Obama tried to hit reset with the Middle East after the Bush years. He continued to support Israel, but he described Israel’s presence in the West Bank as an “occupation.” He was more forcefully opposed to the construction of new settlements in the West Bank. He engineered a summit between then-Israeli Prime Minister Benjamin Netanyahu and Abbas at the White House, but the effort ultimately failed. After Trump was elected, the US representative at the UN Security Council declined to veto a resolution condemning settlement construction.

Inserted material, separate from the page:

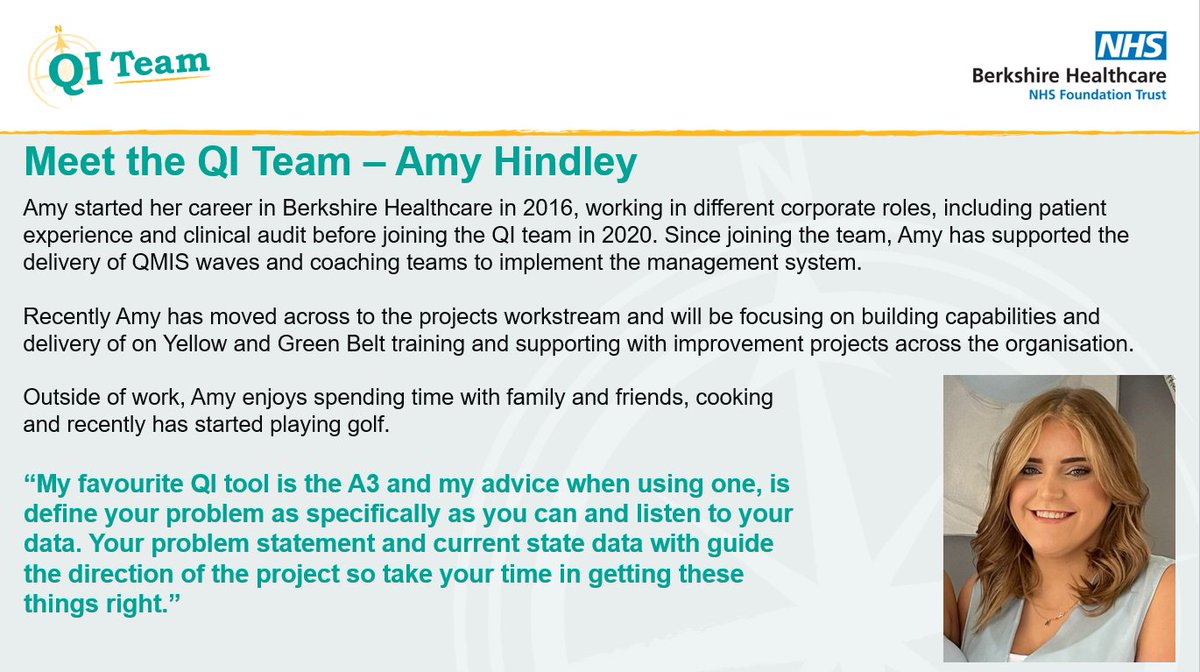 BerkshireQI's tweet image. Next up on our #MeettheQIteam is @AmyHindley2 
Quality Improvement Practitioner in the #QIprojects and building capabilities workstream #QItwitter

Netanyahu rails against Iran nuclear deal – in 100 seconds
Obama and Biden negotiated with other world leaders to lift certain sanctions in exchange for Iran abandoning its pursuit of nuclear weapons. Netanyahu was so vehemently opposed that Republicans asked him in 2015 to address the US Congress in an attempt to stop it.
It was Trump, a vocal Netanyahu ally, who would ultimately end the Iran nuclear deal. Trump also effectively took Israel’s side in negotiations with Palestinians, moving the US Embassy to Jerusalem, a controversial decision, and endorsing the annexation of West Bank and East Jerusalem settlements into Israel.
“Trump really accelerates a shift and cements kind of the abandonment of a two-state solution,” Zelizer said, adding that Trump, now running again for the White House, has made support for Israel more political inside the US. “He is elevating this issue as a partisan issue, where presidents have really tried to avoid that.”
Biden, despite his differences from Trump, has not materially changed policy and indeed has pushed for Israel and Saudi Arabia to normalize their relations.
The future of further such peace efforts with Arab nations could now be in doubt as Israel continues to bomb the Gaza Strip in its effort to punish Hamas.